Such, however, is the nature of art in general and popular music in particular. Whenever we talk about an artist showing a lot of emotion, we're more often than not referring to the fact that they've managed to produce an effective depiction of it. How they actually feel is irrelevant. We can’t read the minds of our favourite acts, and unless we happen to know them personally we can never be sure that they weren’t full of the joys of spring when writing a sad song (or vice versa).

The "character" of a performer works in a similar way. Many have turned their back upon bands they used to like because they "sold out" and betrayed some previously professed principle. In the case of an abandoned ethical statement I can almost understand, but when it’s a matter of changed aesthetics (be they musical or image-based) then how can anyone not directly involved sensibly make that judgment? Can we really be certain that what they did originally wasn’t selling out and what they’re doing now isn’t more true to themselves?

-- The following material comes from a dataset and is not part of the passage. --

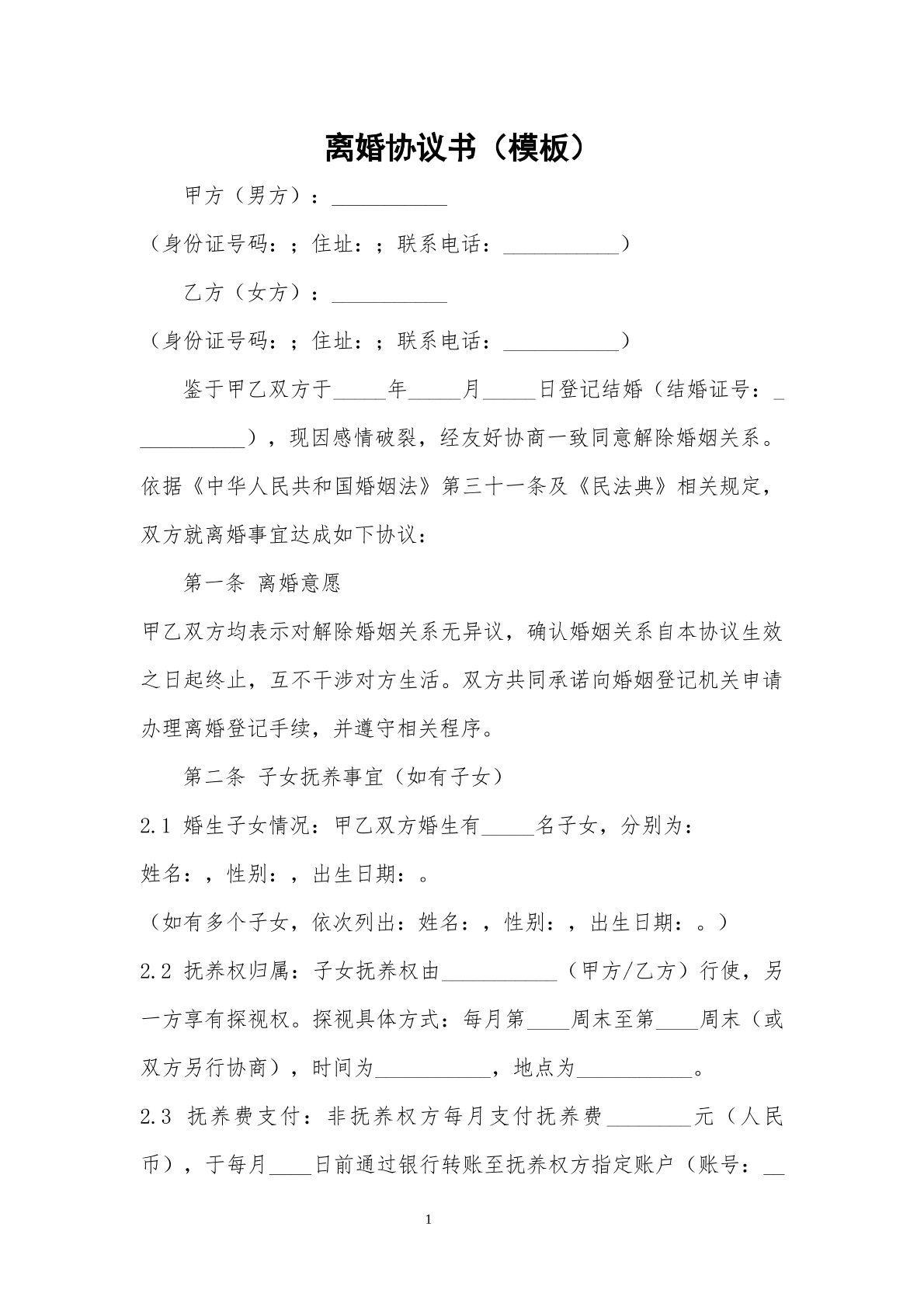 离婚协议22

Does any of it actually matter? I would contend not. Some people spend a lot of time and effort searching for the ‘real’ stuff, but I don’t see the need. Lest I be misunderstood, let me reassure one and all that I’m not advocating the “Stop thinking and enjoy it, maaaan” school of abandoning critical faculty. I just think we need to adjust our viewpoint and accept that pop is the ultimate hyper-real art form. It creates bigger-than-life avatars of things we think we know about, toying with our emotions and sense of reality. If it feels real, that’s all it needs to do.

… reggae (James)

I remember the first reggae record I ever bought. It was ‘Amigo’ by Black Slate and it was 1980. I can’t remember exactly why I liked it. I don’t exactly remember that much about it at all. It was kind of jaunty, and I have some recollection of being quite impressed by their dreadlocks. Not counting ‘Pass The Dutchie’ by Musical Youth (which is probably kind of unfair), it was a while before I bought another reggae record. I think it was probably ‘Off The Beaten Track’ by African Head Charge on the On-U Sound label in about 1989. More details on my obsession with that label can be found here.

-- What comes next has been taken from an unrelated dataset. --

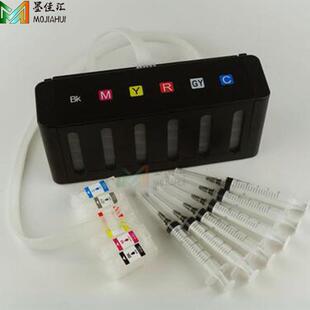 适用普生XP-15010 XP15080 XP15000连供T01U连续供墨系统墨水盒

In my late teens, I moved to Toxteth, with its rich mix of people and an even richer trove of music. Here I tuned into local pirate stations and had my ears blown apart with such a wealth of sounds – it resulted in a staggering learning curve. On the radio I encountered dancehall classics, roots and dub, Shabba in top form, Dennis Brown, King Tubby. Moving to Birmingham, I was fortunate enough to share a house with someone with a solid collection. Here I began to hear whole LPs, and spot differences. Most of all, I heard one of my reggae heroes (via On-U Sound) in his glory, Prince Far I. Since then, I have dug deep into back catalogues, compilations, anything that will unearth more gems.

But why do I love reggae so? Why do I still feel that buzz when listening to classics like the Lee Perry produced ‘Police And Thieves’, or the earthiness of ‘The Twinkle Brothers’, or the energy of Big Youth or Dr Alimantado?

Could it be the beat? Reggae, of whichever stamp, has that perennial offbeat that drives it onwards inexorably, never stopping, just pushing forward languorously. Reggae is never in a rush, but you know that it will get where it’s going. Reggae makes you want to stop and admire the scenery; to breathe in the air (or whatever); or maybe stop and sashay a little. Not considering the heavily sexualised dancing of the dancehall scene, reggae invokes a dancing in me (even in my soul maybe) that is marked by an almost absence of movement.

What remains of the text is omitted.